林雪隱恍然頓悟,原來上世她為他落盡了淚,反而讓他這世見不得她的淚,不然就成了廢人。還當真是因果報應啊。

甄語遁又道:“絳珠師伯發狠誓再也不讓師父進入西峰半步。倘若不得已碰麵時,也得光明正大地三叩九拜。我這做徒弟的自然也就不能幸免,見麵即要自貶吾師為他恕罪。師父自那以後大病一場,果然不敢再入西峰半步。若不是撿到了你,這局還不知道會僵到什麽時候呢。現在,師父終於可以找些牽強的理由去拜見師伯了,隻是還心有餘悸不敢大意。不然再揭起前嫌,那可真是不得了啊。”

林雪隱聽得滿是唏噓道:“你這冒失的師父。若不是撿到了我,他這一世又要白費了。”

甄語遁訝異問她道:“什麽這一世那一世的?”林雪隱趕緊閉口。

還有一次,不知說到了什麽,甄語遁嘲笑她道:“你剛出生時,那睡得給豬一樣。巨蟒在脖子裏纏著,還兀自睡得香甜。”

林雪隱反擊道:“你怎麽知道我是睡的香甜,說不定是被蟒蛇嚇昏了呢。”

說完這句,她驀然想起甄語遁抓蛇之時的敏捷與力道,突然靈機一動,對,武功就先跟他學起。

林雪隱道:“小和尚,我和你打個賭,如果我輸了,我以後就叫你大遁哥哥;若是你輸了呢,你就得答應我一件事情。
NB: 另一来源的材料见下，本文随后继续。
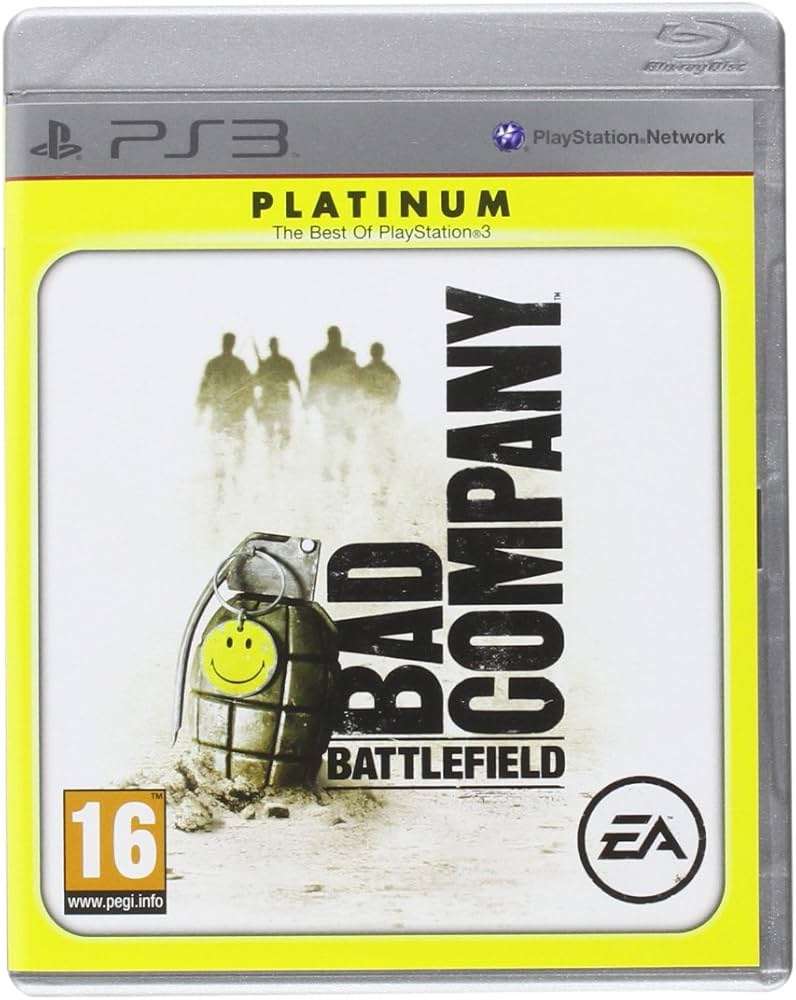 Battlefield Bad Company (Platinum) - PS3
”

甄語遁最煩惱林雪隱人小鬼大的叫他“小和尚”了,但礙於絳珠師伯的麵子又無可奈何。聞言爽快應道:“好啊,要打賭也可以,不過你先得叫我一聲‘大遁哥哥’,不許是那種故意的聲音。讓我聽聽感覺如何。”

林雪隱隻得小聲叫道:“大遁哥哥。”

她的聲音脆潤生津,嬌中帶怯,聽得甄語遁滿心歡喜:“小隱妹妹,你便是不打賭我也依了你,隻要你以後天天這般叫我。”
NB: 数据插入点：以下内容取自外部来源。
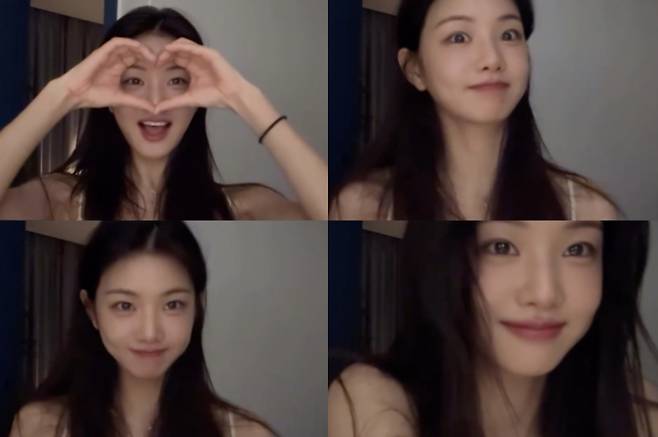 /사진=이세희 SNS 영상화면 캡쳐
其實,林雪隱並沒想到與他打什麽賭。聽他這樣說,自然一口同意了:“大遁哥哥,我要你教我武功。”

甄語遁聽她說完這句,不由一怔道:“什麽武功?我沒學過。”

聽到甄語遁這樣糊弄自己,她小臉一寒道:“你騙誰呢,我真正打娘胎裏出來時,你爹媽還沒來到這世上呢。我隻穿越,就不知道穿了多少光年。雖然在這漫長之中,我遺忘了很多事情,但一些基本的詞語還是根植於心的。我剛來到這個世界時,就見你赤手空拳鬥那大蟒,現在居然說自己不會武功?”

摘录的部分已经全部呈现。